▶ _Provided entries_:
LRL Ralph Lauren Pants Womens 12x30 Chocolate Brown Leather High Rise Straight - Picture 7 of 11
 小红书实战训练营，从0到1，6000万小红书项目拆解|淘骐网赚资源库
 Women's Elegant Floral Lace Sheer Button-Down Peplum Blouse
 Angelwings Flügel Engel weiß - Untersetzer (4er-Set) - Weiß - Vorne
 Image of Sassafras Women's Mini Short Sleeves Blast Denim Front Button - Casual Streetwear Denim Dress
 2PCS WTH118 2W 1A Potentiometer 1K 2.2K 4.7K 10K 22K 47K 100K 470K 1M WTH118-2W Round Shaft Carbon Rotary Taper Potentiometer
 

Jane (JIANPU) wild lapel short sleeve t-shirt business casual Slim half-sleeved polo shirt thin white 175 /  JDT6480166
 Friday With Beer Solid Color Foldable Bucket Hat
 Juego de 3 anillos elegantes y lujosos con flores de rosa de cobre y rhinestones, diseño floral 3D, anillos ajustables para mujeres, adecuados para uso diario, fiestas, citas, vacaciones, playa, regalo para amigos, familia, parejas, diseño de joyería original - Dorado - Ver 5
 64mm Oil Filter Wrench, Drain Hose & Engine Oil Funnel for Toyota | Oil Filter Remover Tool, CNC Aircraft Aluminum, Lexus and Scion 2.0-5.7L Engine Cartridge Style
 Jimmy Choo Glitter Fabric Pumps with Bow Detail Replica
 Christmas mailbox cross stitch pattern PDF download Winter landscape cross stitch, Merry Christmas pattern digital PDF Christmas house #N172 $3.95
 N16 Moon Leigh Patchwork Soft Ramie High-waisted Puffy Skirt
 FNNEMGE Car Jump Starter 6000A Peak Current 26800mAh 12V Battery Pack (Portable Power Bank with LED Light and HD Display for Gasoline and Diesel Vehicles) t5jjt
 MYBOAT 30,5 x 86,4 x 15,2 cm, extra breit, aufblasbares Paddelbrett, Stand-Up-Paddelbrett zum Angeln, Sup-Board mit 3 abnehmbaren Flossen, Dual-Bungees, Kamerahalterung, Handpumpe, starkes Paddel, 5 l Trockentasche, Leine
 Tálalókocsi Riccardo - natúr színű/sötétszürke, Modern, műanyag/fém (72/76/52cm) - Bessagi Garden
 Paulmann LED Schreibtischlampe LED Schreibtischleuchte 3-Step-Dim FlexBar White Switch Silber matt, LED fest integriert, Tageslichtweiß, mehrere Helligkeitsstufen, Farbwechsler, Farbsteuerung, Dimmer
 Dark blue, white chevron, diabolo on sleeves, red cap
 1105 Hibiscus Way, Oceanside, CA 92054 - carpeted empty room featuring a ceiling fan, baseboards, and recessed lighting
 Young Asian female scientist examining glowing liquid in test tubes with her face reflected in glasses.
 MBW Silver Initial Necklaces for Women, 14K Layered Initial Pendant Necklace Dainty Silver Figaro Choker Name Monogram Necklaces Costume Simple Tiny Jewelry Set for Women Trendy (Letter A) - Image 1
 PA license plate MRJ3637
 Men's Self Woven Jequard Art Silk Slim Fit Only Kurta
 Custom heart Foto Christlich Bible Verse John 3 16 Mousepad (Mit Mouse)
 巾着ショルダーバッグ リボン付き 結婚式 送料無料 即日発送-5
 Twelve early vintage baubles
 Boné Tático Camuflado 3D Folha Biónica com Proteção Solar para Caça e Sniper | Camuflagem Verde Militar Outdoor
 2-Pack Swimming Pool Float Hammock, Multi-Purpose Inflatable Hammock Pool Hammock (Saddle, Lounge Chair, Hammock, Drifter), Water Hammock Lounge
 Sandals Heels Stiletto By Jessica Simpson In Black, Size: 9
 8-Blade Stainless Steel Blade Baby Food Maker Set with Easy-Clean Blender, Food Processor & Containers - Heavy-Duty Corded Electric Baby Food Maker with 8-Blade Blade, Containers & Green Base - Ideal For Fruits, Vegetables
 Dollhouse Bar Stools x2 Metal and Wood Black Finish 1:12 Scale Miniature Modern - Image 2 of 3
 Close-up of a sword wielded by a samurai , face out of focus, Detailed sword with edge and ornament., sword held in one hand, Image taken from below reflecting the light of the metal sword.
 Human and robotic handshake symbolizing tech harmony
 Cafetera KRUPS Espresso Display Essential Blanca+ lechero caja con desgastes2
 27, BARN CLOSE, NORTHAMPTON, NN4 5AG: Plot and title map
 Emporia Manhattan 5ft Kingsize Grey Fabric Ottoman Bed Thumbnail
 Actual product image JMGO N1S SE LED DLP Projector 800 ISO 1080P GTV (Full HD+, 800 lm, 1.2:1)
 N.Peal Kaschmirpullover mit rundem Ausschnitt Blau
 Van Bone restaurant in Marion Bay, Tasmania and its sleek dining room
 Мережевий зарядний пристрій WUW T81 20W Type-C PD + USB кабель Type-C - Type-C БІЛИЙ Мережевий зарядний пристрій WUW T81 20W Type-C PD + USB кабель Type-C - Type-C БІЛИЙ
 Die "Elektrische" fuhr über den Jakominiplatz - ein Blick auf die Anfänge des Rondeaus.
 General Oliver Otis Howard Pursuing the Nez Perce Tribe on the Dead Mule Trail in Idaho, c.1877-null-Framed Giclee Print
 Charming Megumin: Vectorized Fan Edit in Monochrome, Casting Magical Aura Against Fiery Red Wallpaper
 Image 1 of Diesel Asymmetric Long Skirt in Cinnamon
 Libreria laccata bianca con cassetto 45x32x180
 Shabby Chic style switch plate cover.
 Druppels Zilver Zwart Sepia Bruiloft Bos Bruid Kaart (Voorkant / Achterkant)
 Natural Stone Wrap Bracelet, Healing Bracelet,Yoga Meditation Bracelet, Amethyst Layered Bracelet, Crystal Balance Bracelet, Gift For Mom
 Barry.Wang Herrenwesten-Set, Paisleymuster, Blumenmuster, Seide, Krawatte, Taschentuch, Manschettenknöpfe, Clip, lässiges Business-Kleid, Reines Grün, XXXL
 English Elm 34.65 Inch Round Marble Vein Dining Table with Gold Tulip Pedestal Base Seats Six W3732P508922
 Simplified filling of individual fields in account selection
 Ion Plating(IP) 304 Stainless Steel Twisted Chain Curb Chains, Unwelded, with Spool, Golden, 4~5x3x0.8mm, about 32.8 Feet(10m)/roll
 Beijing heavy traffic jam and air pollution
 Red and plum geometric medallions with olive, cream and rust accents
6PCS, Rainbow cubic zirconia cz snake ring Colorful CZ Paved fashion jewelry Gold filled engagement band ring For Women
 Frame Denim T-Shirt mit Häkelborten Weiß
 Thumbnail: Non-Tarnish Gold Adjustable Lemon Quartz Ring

▶ _Task brief_: In the entries above, find the line with "Druppels Zilver Zwart" and the line with "Natural Stone Wrap", then set down exactly those two and every line between them, nothing else.

▶ _Output for this task_:
 Druppels Zilver Zwart Sepia Bruiloft Bos Bruid Kaart (Voorkant / Achterkant)
 Natural Stone Wrap Bracelet, Healing Bracelet,Yoga Meditation Bracelet, Amethyst Layered Bracelet, Crystal Balance Bracelet, Gift For Mom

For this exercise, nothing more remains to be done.